Predicting Crime Rates:

In this homework, you will apply regression methods to predict crime rates using US census data. The UC Irvine machine learning dataset repository has a collection of data predicting per capita crime rates at this URL.I have tried to structure the homework so that you can do it with minimal programming skills, but more programming will produce a more rewarding exercise. You may do the homework in groups of up to four, though I expect more ambitious work from larger groups. It is due 8 April 2014. Submit a PDF by email, naming all group members, explaining your results and how you got them on each step, and presenting all relevant details. Please ensure the email has CS199-BD in the subject.

Potential problems:

On the web page, you will see that some variables are marked "not predictive". Drop these explanatory variables. You will also notice that some variables have missing values for some instances. You will need a strategy to deal with missing values. In the first instance, try dropping explanatory variables that have missing values. You should evaluate your regression by (a) looking at the mean-squared error on the training data and (b) splitting off some test data and looking at the mean-squared error on that test data.

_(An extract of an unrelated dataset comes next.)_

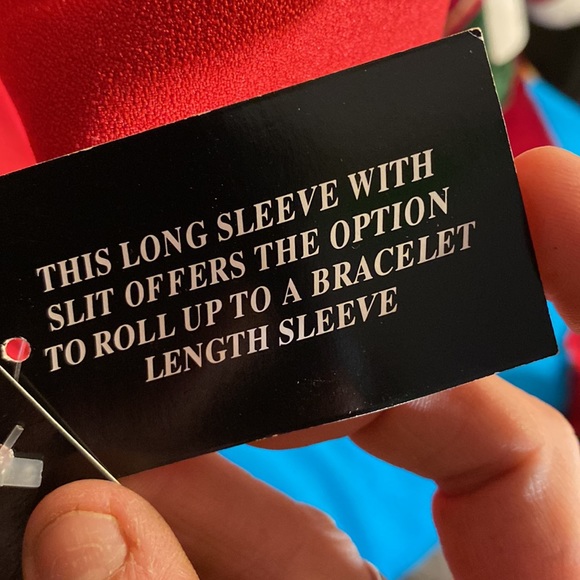 Red suit jacket - Picture 7 of 8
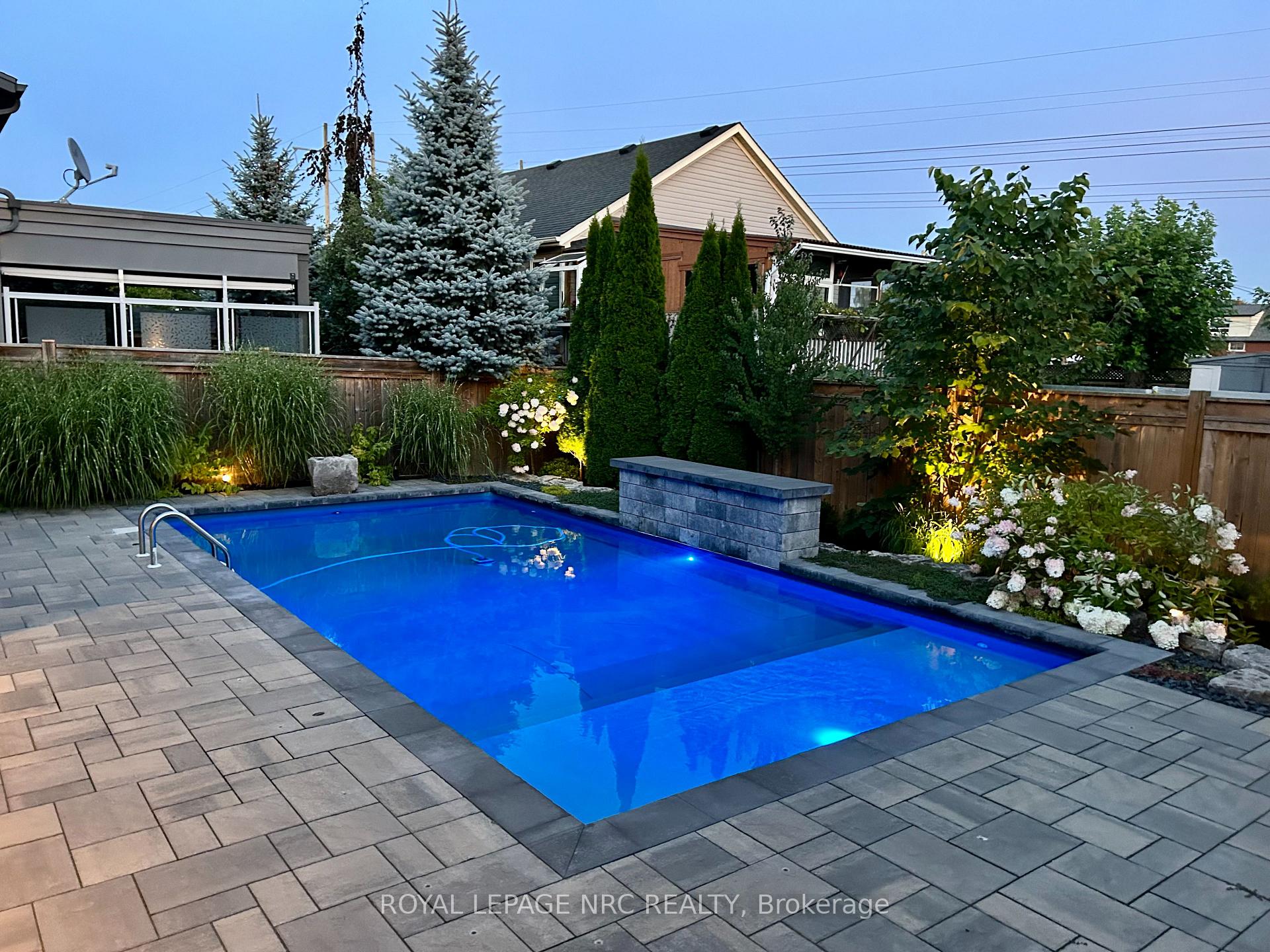 Photo 48 of 8 Tuscany Court, St. Catharines, Grapeview — HOMEH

Basics: trying a linear regression:

You should build a linear regression of violent crimes per population against explanatory variables that don't have missing values. Check your regression --- are there problem data points? which ones, and why? Does a Box-Cox transformation make things better?

Basics: trying nearest neighbors regression:

Does a nearest neighbors regression work better? Again, just drop data points where there are missing values. Does it help to rescale the variables?

Dealing with missing values by imputing them:

Now we look at the explanatory variables that have missing values. Impute these values using nearest neighbors (just like filling in textures). Now apply a linear regression --- did things get better? you have more data, but some of the values are imputed.

Modified nearest neighbors:

Modify the nearest neighbor method so that it takes into account only variables that have values. Does this improve the predictions?